As promised, House Democrats have launched an instigation into voter suppression in the southern state of Georgia.
A U.S. House committee with subpoena power is requesting documents from senior Georgia officials surrounding the alleged voter suppression claims which saw Gov. Brian Kemp beat out Democratic candidate, Stacey Abrams.
“The Committee is particularly concerned by reports that Georgians faced unprecedented challenges with registering to vote and significant barriers to casting their votes during the 2018 election, ” House Oversight and Reform Committee Chairman Elijah Cummings and U.S. Rep. Jamie Raskin stated in the letters to Gov. Brian Kemp and Secretary of State Brad Raffensperger.
According to AJC, are giving Kemp and Raffensperger until March 20 to produce communications related to the state’s practice of canceling registrations of voters who don’t participate in elections for several years.
Records show that about 1.4 million people have been removed from Georgia’s voting rolls since 2012. During the elections, many voters spoke up about being unable to vote. Eighty percent of affected Black and minority communities.

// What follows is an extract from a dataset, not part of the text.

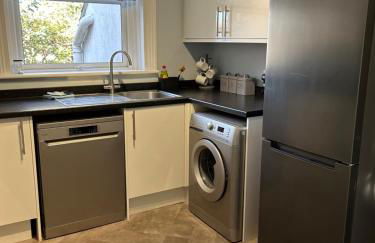 Central and Convenient with Private Parking - Photo 4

Also, 214 polling places were closed while Kemp was secretary of state and in some heavily Black populated areas, voters were forced to wait in line for over four hours to vote.
The investigation looks set to be one of the most in-depth probes into voter suppression Georgia has ever faced.
“We have to have national attention on this national emergency, a real national emergency, which is voter suppression in the United States," Abrams said on CNN's 'New Day,' last month.
“The threat to democracy in our country is real.”